In 1913, Rittenhouse Square would begin to add French architecture to the neighborhood. Thanks to Paul Philippe Cret, a French architect, who redesigned parts of the square to resemble Paris and French gardens. Paul added stone additions to pools and fountains, and constructed new entryways that had a much more classical look. Post World War II Rittenhouse Square began to add modern architecture to its neighborhood. Apartment complexes, office spaces, and condominiums began to pop up around the neighborhood, along with shopping malls and high-rise buildings. Rittenhouse Square would still keep most of its Italianate, and Art Deco styles, but the majority of its Victorian mansions were replaced by residential buildings.
Paul Cret’s redesign was well received among the community, despite how many additions he made the park still remained largely the same, just more modern. His redesign was so popular that it actually caught the attention of several journalists who sought to interview him. Rittenhouse Square would become much more Centered and intricate, and despite many proposed changes, has stayed this way ever since.
Rittenhouse Square is littered with luxury apartments, an office tower, and restaurants scattered around. The park itself has many benches where people can eat, fountains, statues and even doggie bag dispensers. Rittenhouse Square has many historical and cultural institutions around the neighborhood. Among these institutions are many civil war and underground railroad museums in the area. Along with the Curtis Institute of Music, the Philadelphia Art Alliance and even the Wine School of Philadelphia! The neighborhood is also lined with many different Civil War-Era style mansions, oftentimes being used for the set of Hollywood movies. Rittenhouse Square features a number of events throughout spring, These events typically start at the beginning of May.
Logan Square has a number of restaurants, cafes, and shops for anyone planning to visit. Most of the square’s restaurants and grocery stores are at a walkable distance. Logan Square is also home to a number of colleges and museums as well, making it an excellent stop for anyone taking a vacation in Philadelphia.
Fitler Square is the name of a public park in Philadelphia and the neighborhood around it. Named after Philadelphia’s 19th century mayor, Edwin Henry Fitler. The park is maintained by both the Fitler Square Improvement Association and the Department of Parks and Recreation. Fitler Square is located west of Rittenhouse Square, oftentimes both neighborhoods are associated with one another, eventually garnering the nickname “Rit-Fit”.

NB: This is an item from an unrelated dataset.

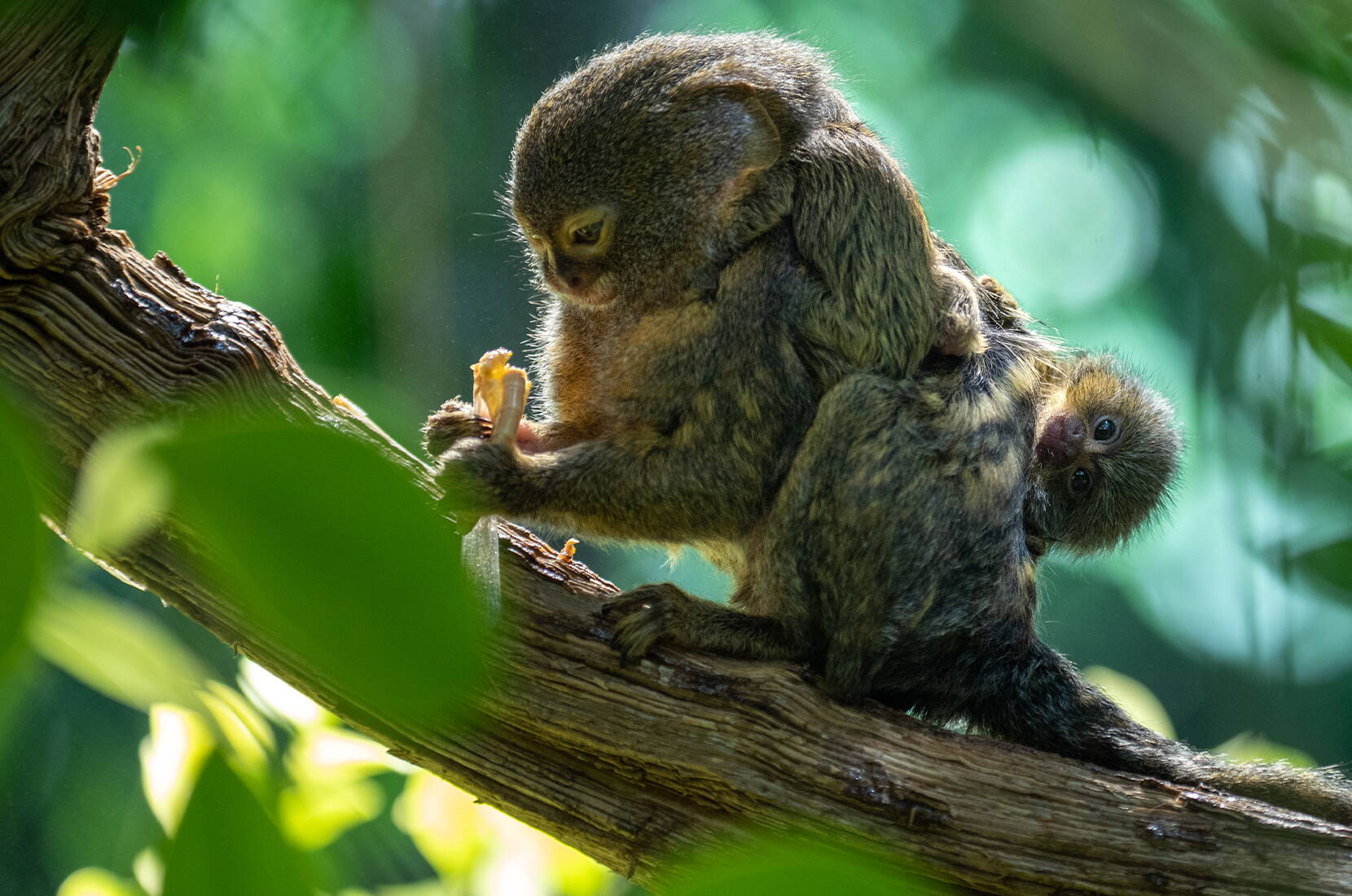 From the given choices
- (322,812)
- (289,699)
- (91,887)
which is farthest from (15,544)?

Before the 50’s the neighborhood had fallen on harsh times, much of the city was overwhelmed by urban blight, and the park itself was just a wasteland of drunks and druggies. Finally the city managed to get Mayor Joseph S. Clark Jr to help improve the neighborhood through a petition. Mayor Clark began to free up money that allowed for the construction of new homes. At one point the neighborhood was almost removed in order to add a new crosstown expressway. Fitler Square also has a river to the west, Schuylkill River. Today, the neighborhood is mainly residential and houses single families that moved to the area.